By Maddie Orton
It’s easy to be inspired by great artists like Warhol, Lichtenstein and Prendergast, but who inspired them? According to curator Gail Stavitsky, it was Henri Matisse. Montclair Art Museum‘s new “Matisse and American Art” exhibit pairs works by over 40 artists with the Matisse pieces that directly or indirectly inspired them.
“Matisse’s lasting impression really has to do not only with his style and the way that he developed line, color and form, but also with his subject matter and his iconic themes,” explained Stavitsky. “Whether they’re portraits, nudes … the subject of the goldfish in the goldfish bowl, the dancers.”
The drawings, paintings, collages and sculptures on display all have a hint Matisse, but the most direct adaptation in the show is based on the artist’s “Woman in Blue.” Andy Warhol created “Woman in Blue (After Matisse).”
“He has obviously a very different handling of his medium — handling of paint — that looks so different from Matisse,” said Stavitsky. “You can see this very flat, mechanical look that goes hand-in-hand with, of course, the way Warhol made paintings.”
And a study for a self-reflective mural Lichtenstein created late in life features what appears to be a depiction of Matisse’s sculpture “Aurore.”
“It is really emblematic of how Liechtenstein regarded Matisse as one of his favorite artists,” Stavitsky said.
Then there’s the story behind Mark Rothko’s later works.

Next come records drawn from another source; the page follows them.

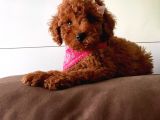 Safkan Toy Poodle Yavrularımız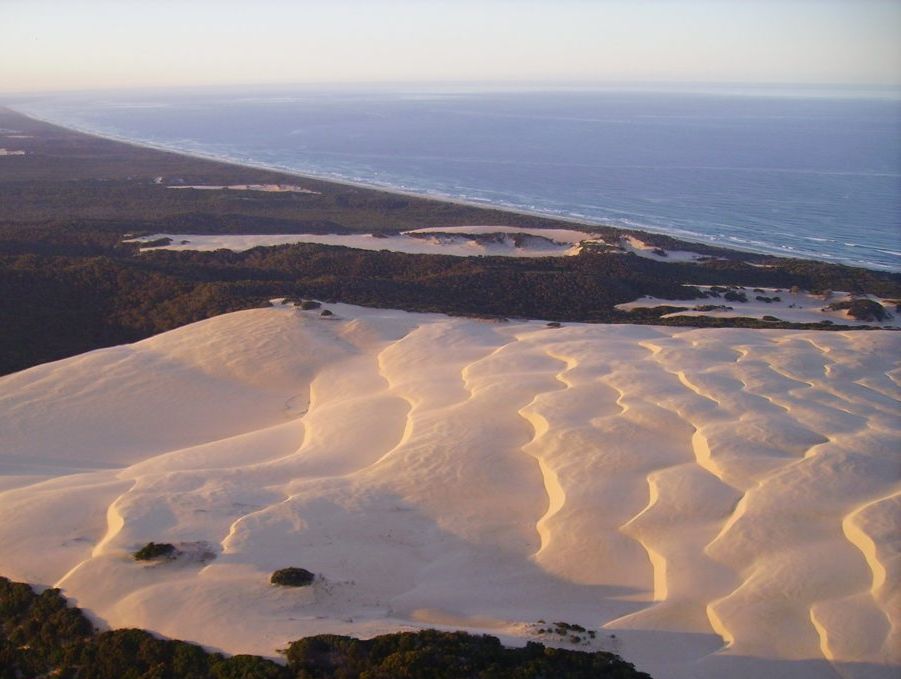 The sand blows on Fraser Island as photographed by microlight pilot David Lewis. The sand blows on Fraser Island as photographed by microlight pilot David Lewis.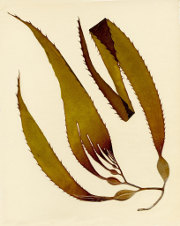 Macrocystis integrifolia - giant bladder kelp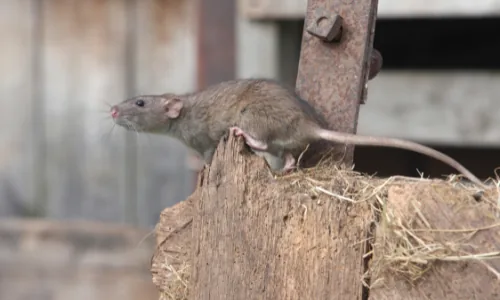 Rats dans un grenier - dératisation rats et souris Val-de-Marne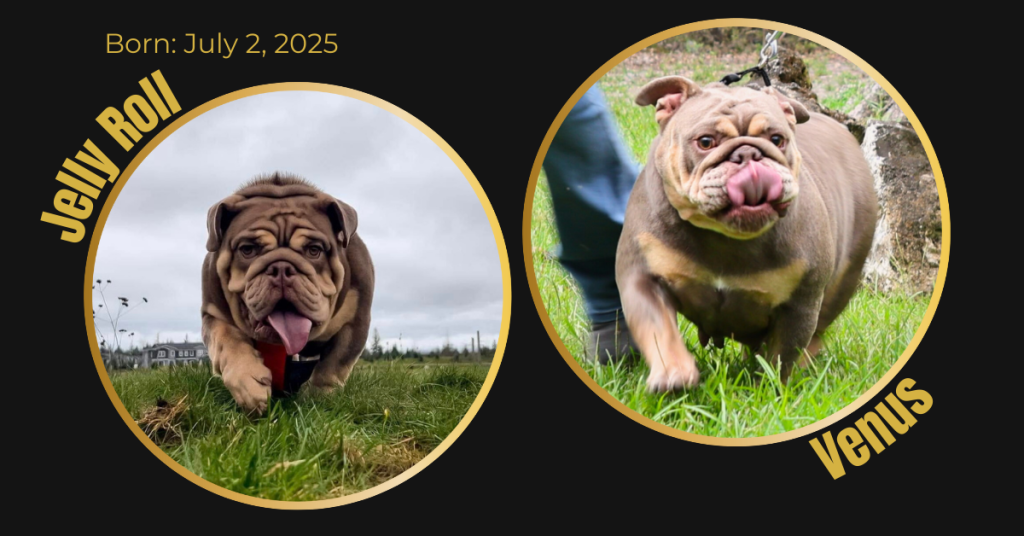 English Bulldog litter card showing dam [Dam Name] and sire [Sire Name] in the Bullgodz breeding program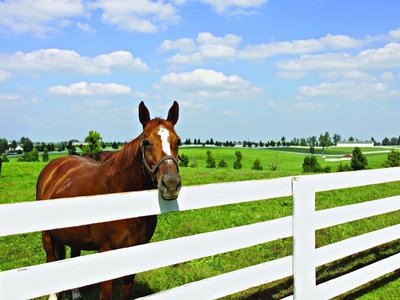 Kentucky Country photo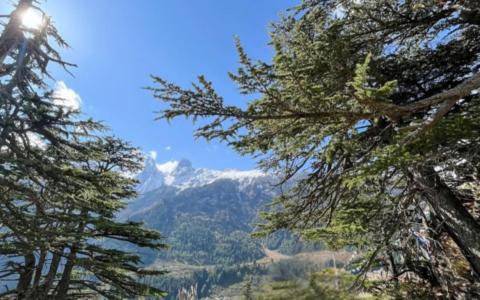 skyard hostel and homestay harsil valley
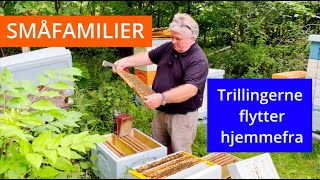 Biavl Småfamilier  Trillingerne flytter hjemmefra [upl. by Fe796]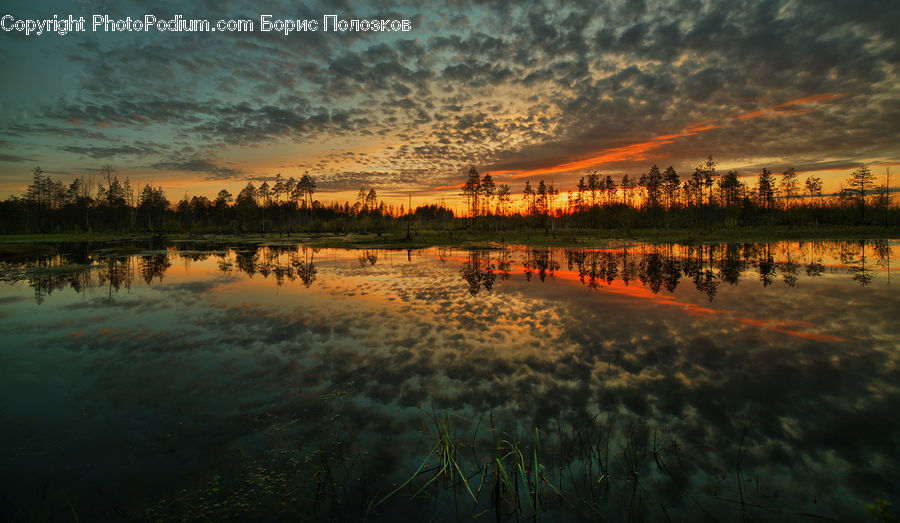 Dawn, Dusk, Red Sky, Sky, Sunrise, Sunset, Outdoors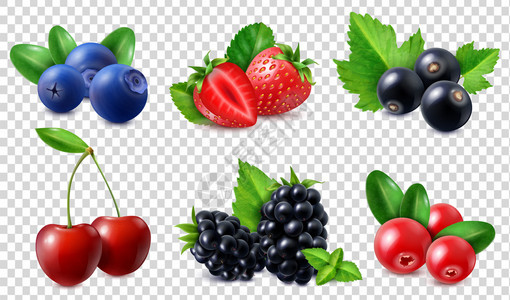 浆果图标樱桃蓝莓黑莓草莓蔓越莓醋栗分离透明背景现实矢量插图图片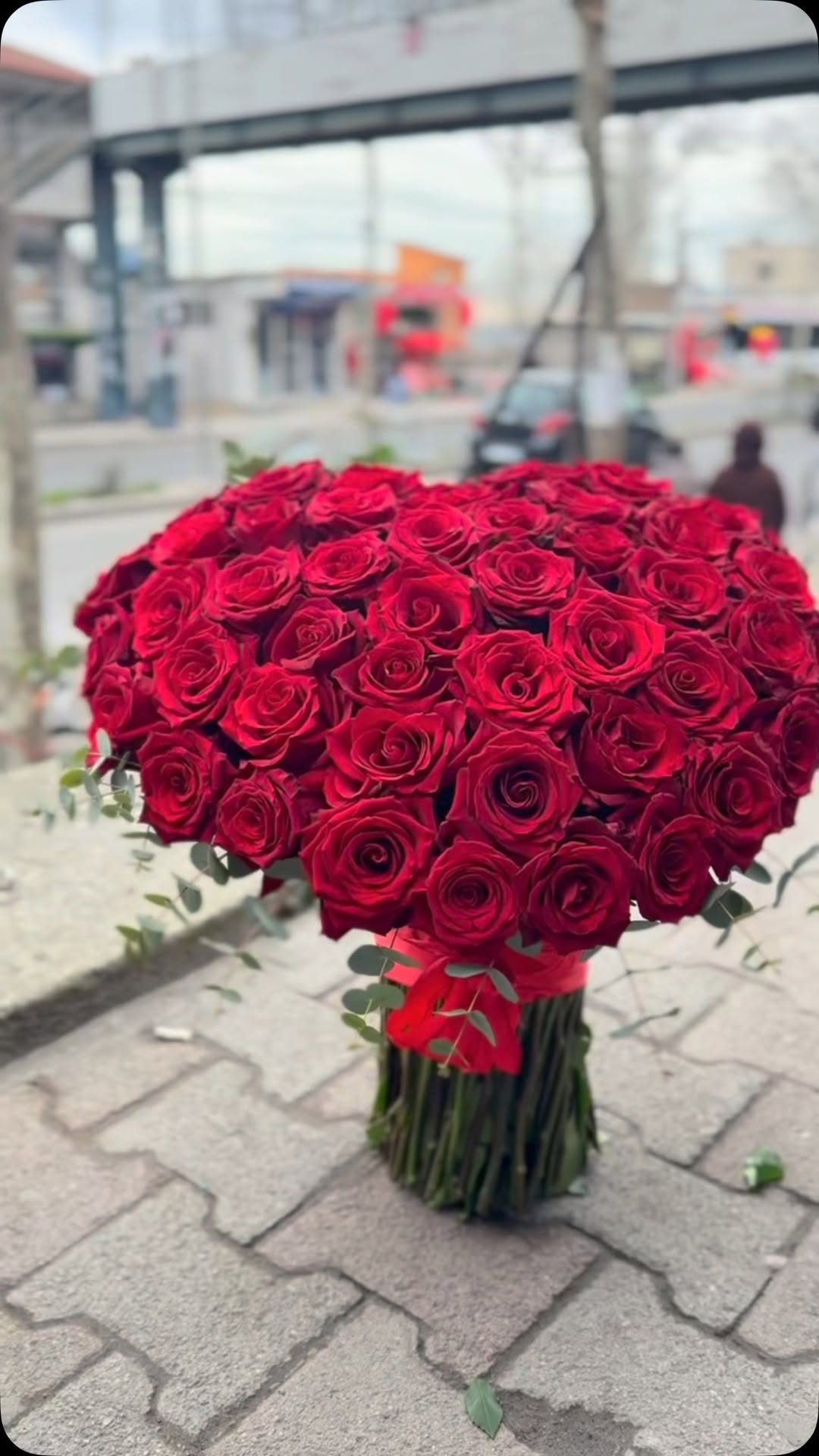 _______________LULE-DYQAN-LULESH-KAMEZ-INSTITUT-1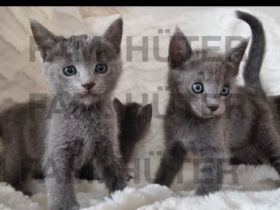 Süüüße reinrassige russisch blau Kitten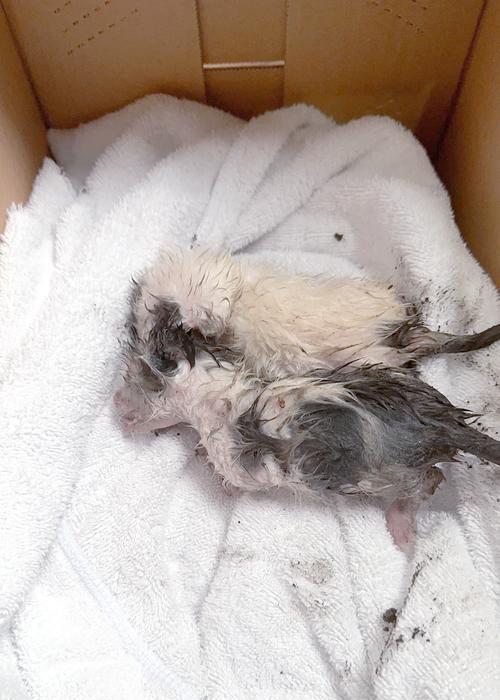 猫咪产后多久开始有奶水（了解猫咪产后哺乳时间，宝宝的健康靠你）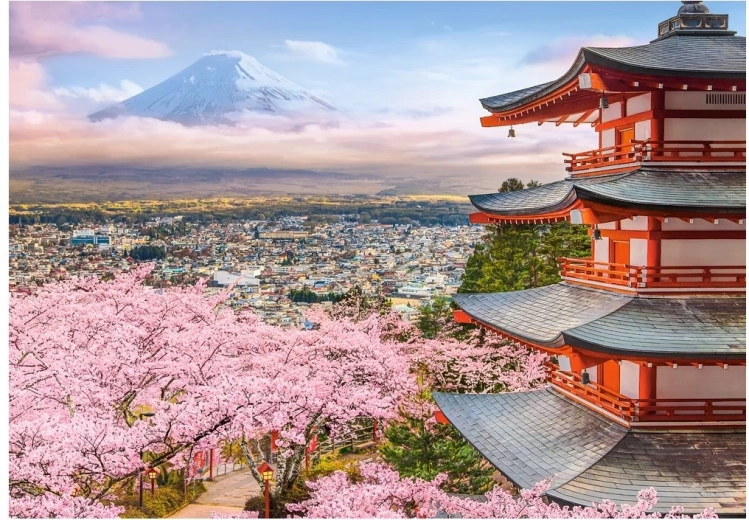 Castorland puzzle Wiosna w Japonii 500 elementów
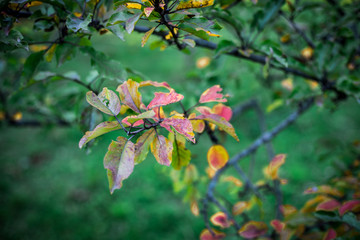 Obraz premium Fall scene. Beautiful Autumnal park. Leaves Forest path in autumn.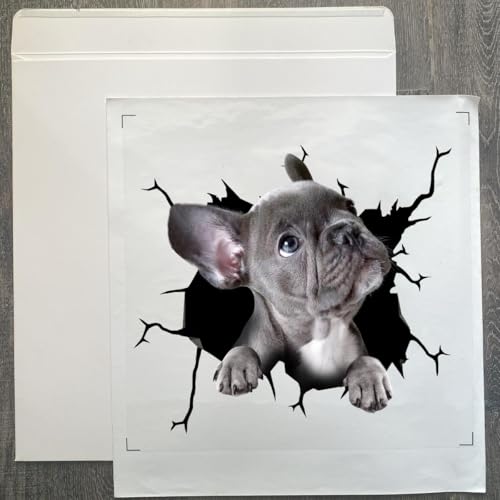 Image of Vinyl Dog Stickers - French Bulldog Car Decals for Women & Dog Lovers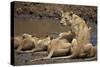 Lions (Panthera Leo) Drinking-James Hager-Stretched Canvas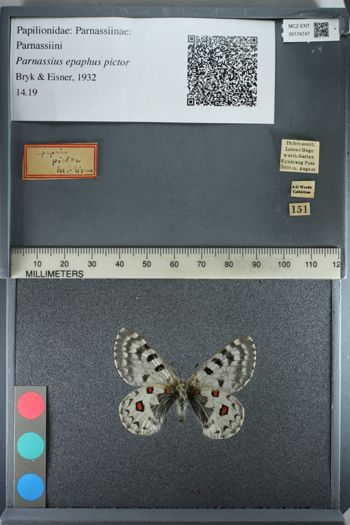 Media type: image;   Entomology 174747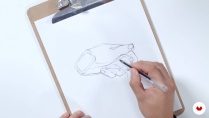 Lesson image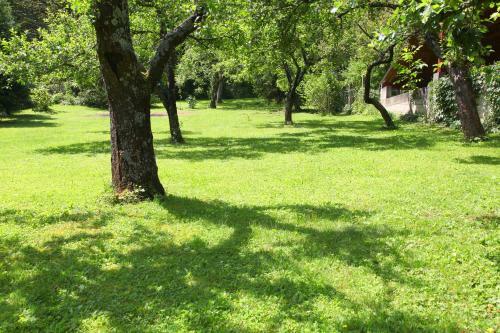 Apartamento Apple Tree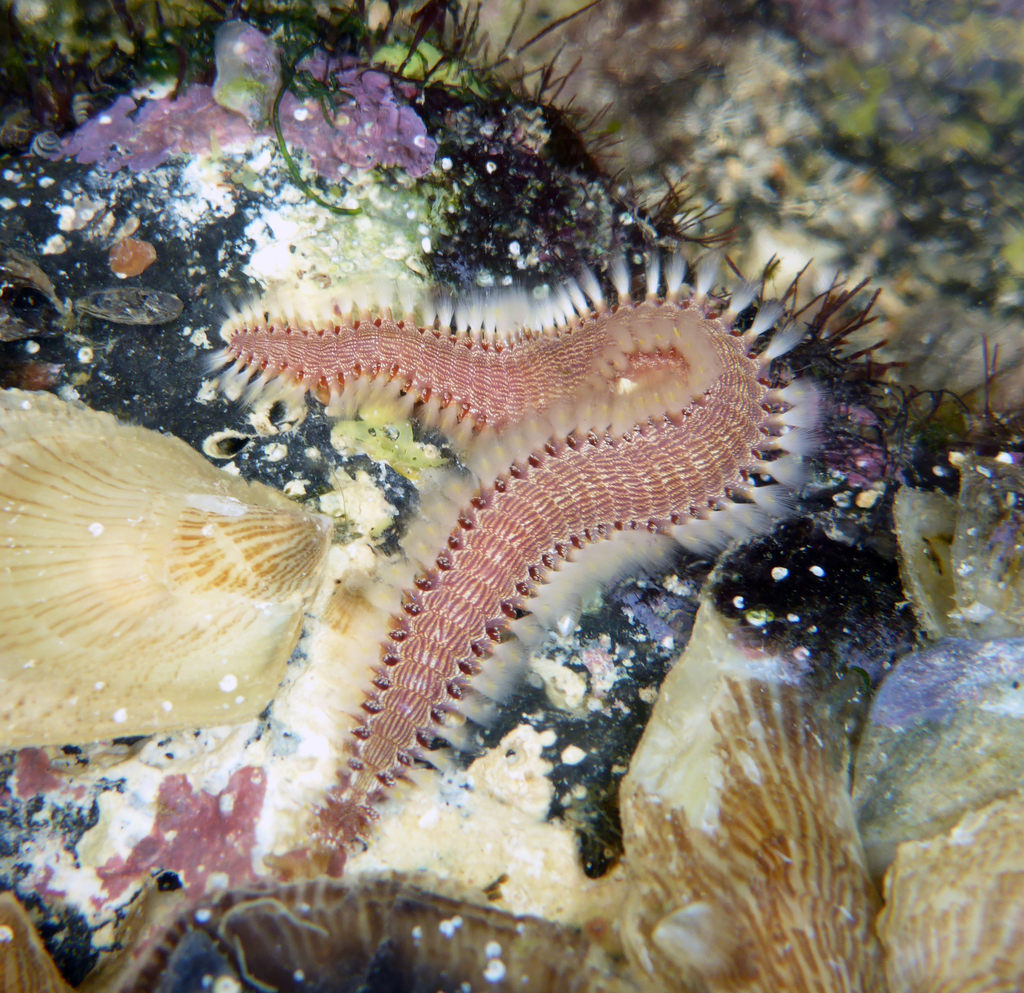 Lined Fireworm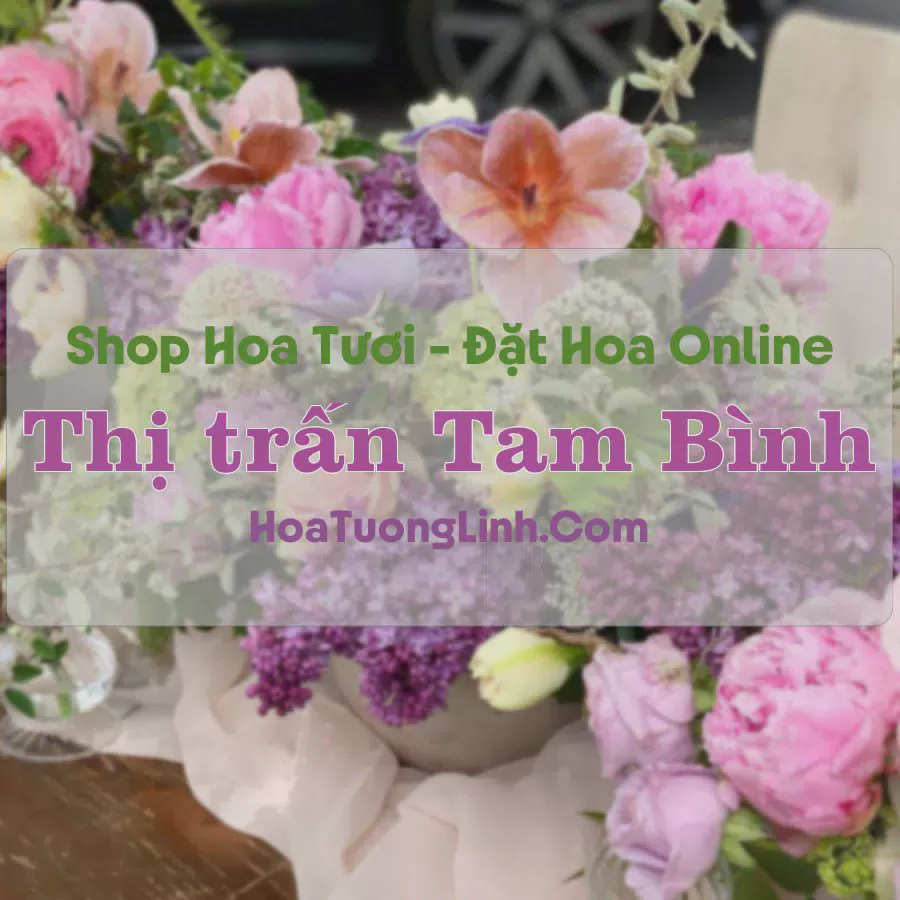 Shop Hoa Tươi Thị Trấn Tam Bình - Vĩnh Long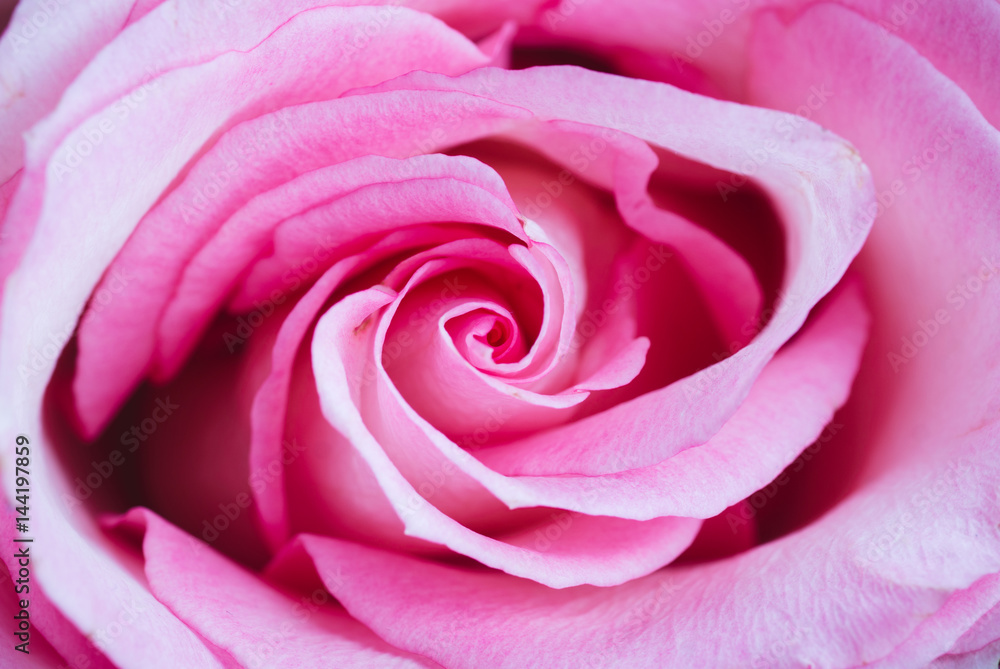 Beauty roses close up. Shallow depth of field.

He had become infatuated with Matisse’s “The Red Studio.”
“You can see his use of that color in this painting from 1955,” said Stavitsky. “Rothko spent a lot of time at Museum of Modern Art looking at ‘The Red Studio’ and he gazed at the red and he said, ‘You became that color. You became saturated with it as if it were music.'”
Should you want to follow in Rothko’s footsteps, there’s an opportunity to create your own Matisse-inspired work in a room based on “The Red Studio” — and you’d certainly be in good company.
In addition to the likes of Warhol, there are works on display by artists who collected Matisse, artists who studied under him. There are even works by his great-granddaughter Sophie Matisse. Stavitsky says that’s because Henri Matisse’s work has universal appeal — that there’s always something intriguing to be found in it.